DELETE all duplicates from TABLE

By | 29 October, 2013

If we have a long table with thousands of records with some duplicate contents and we want to trim it down to the bare essentials (no duplicates), here’s one (of several) way of doing it:

For this, assume we have:

– a table called “emails”, with fields: id_email, email
– the table has several records with duplicate emails in the “email” field

So we do it like this:

DELETE FROM emails 
WHERE id_email NOT IN (SELECT MIN(id_email) FROM emails GROUP BY email)

Let’s break it down:

SELECT MIN(id_email) FROM emails GROUP BY email

Gets all records from table “emails”, groups it by “email” field – this removes duplicates from the list – and the MIN(id_mail) selects the lowest value in the field “id_email” of the found duplicates. For example:

imagine you have two records like this:

id_email email
23 blah@blah.com
24 blah@blah.com

the SELECT above would group both records (they have equal “email” fields), and list the one with the lower “id_email” (the MIN(id_email) does that), which is 23, so we would get a list with record 23, got it?

The rest:

DELETE FROM emails WHERE id_email NOT IN ... 
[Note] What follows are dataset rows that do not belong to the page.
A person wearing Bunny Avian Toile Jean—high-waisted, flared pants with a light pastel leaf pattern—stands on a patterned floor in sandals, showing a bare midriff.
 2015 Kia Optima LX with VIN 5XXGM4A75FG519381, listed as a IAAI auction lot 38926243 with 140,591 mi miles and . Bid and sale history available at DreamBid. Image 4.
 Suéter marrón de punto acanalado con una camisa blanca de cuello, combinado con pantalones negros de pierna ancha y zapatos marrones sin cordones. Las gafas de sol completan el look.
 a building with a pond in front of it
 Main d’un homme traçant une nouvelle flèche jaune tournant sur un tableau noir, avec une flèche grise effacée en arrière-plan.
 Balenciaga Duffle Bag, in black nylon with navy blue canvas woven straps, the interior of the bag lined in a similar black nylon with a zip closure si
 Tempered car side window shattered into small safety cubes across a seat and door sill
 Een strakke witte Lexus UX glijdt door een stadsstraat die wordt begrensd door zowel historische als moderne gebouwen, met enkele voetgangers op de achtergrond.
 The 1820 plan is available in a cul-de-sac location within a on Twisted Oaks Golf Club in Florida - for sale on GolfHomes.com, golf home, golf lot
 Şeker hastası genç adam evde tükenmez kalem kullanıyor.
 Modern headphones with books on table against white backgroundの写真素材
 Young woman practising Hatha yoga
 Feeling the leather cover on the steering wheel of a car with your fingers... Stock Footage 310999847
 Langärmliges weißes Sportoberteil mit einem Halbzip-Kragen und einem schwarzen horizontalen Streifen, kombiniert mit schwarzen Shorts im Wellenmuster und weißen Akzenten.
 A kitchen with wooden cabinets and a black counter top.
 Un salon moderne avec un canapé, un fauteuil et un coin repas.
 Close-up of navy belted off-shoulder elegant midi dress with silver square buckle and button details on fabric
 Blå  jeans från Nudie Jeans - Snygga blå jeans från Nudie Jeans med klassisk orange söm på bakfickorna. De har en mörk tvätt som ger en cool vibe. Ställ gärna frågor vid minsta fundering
Deletes all records whose “id_email” are NOT in the list we explained above.

So, to take the above example, the record with id_email=24 wouldn’t be on the list of the SELECT, right? Remember it discarded the id_email=24 for the id_email=23 because of the MIN()? Well, so the record with id_email=24 would be deleted, as would all others whose id_email wasnt on the list.

There are obviously other ways of achieving the same result.